Le Gaia'prach, ou haut-chrystalien, est la langue véhiculaire de ceux qui s'appelle eux même les "enfants de Gaia" ou Gaia'sol'litet. Elle est née peu après leur rencontre avec les Vel-Naos, lorsque les douze mondes d'origines des chrystaliens purent, pour la première fois, communiquer entre eux.
La nécessité d'une langue commune ayant fait très rapidement son apparition, le Gaia'prach fut créé avec l'aide des linguistes Vel-Naos, qui surent désamorcer tout conflit éventuel en proposant d'ingénieuses méthodes de sélection des racines parmi les vingt langues chrystaliennes majeures de l'époque.
Son statut de langue artificielle et une certaine affection des chrystaliens pour les choses solides font du Gaia'prach un langage robuste aux règles simples et à la grande rigueur syntaxique.

Le problème du spectre sonore


Avant d'évoquer les sonorités propres au Gaia'prach, il paraît indispensable de revenir sur les spécificités de ce qui constitue l'audible pour un chrystalien.
Vous trouverez dans les fichiers medias associé des enregistrements de discours et chants de nos amis cristallins.
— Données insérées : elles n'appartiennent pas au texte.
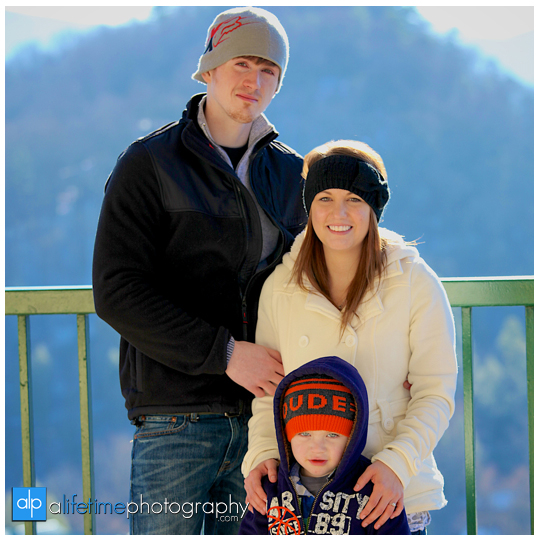 Space needle marriage proposal engagement in Gatlinburg TN photographer Pigeon Forge idea-5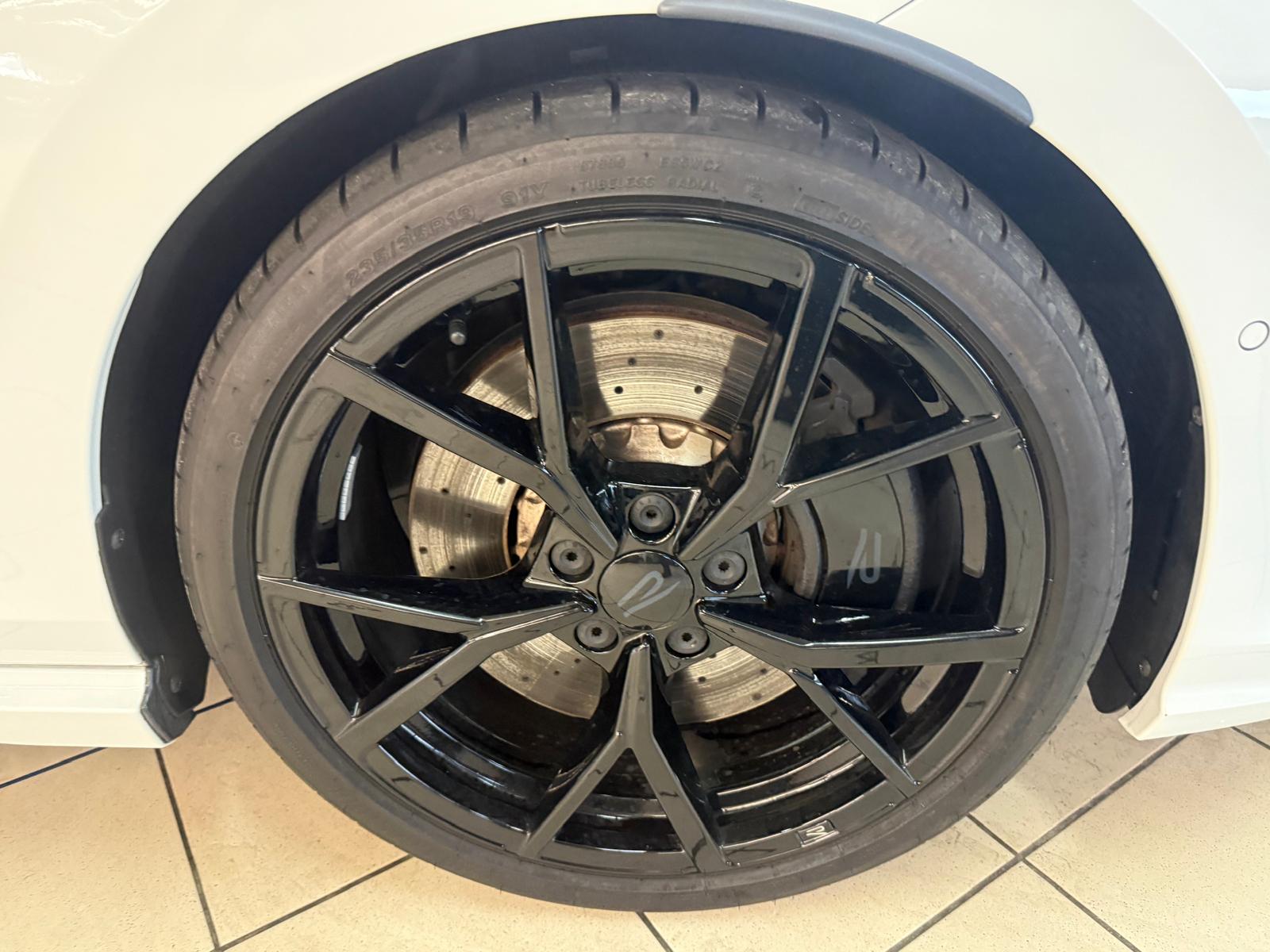 VW Golf 2.0 TSI R Black Edition DSG 4 Motion-image-4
*Sons hachés et sec, consonnes explosive ou roulant interminablement, entrecoupés ça et là de voyelles à la tonalité changeante. Le tout laisse une impression confuse d'inachevé, un ensemble frustrant de mots mal finis, sans cohérence aucune.*

A l'écoute de ces extraits, nul ne s'étonnera d'apprendre que les chrystaliens ont la réputation d'avoir un parlé rude et grossier, condamné de part quelque malédiction biologique à des émettre des sons approximatifs.
Mais vous remarquerez sur les diagrammes associés qu'une part non négligeable des informations se situe en dehors du spectre audible par l'oreille humaine, que ce soit dans les infra ou les ultrasons.
Alors qu'en est-il réellement? Pour vous faire votre propre idée, nous vous proposons cet autre enregistrement, tiré des c?urs chrystaliens de [qui veut avoir des c?urs qui font des tournées chez les humains?], interprétant "Et tôh lockar" ("Il pleut dans le désert"), adapté pour l'oreille humaine par Ismanir et Paul Dern.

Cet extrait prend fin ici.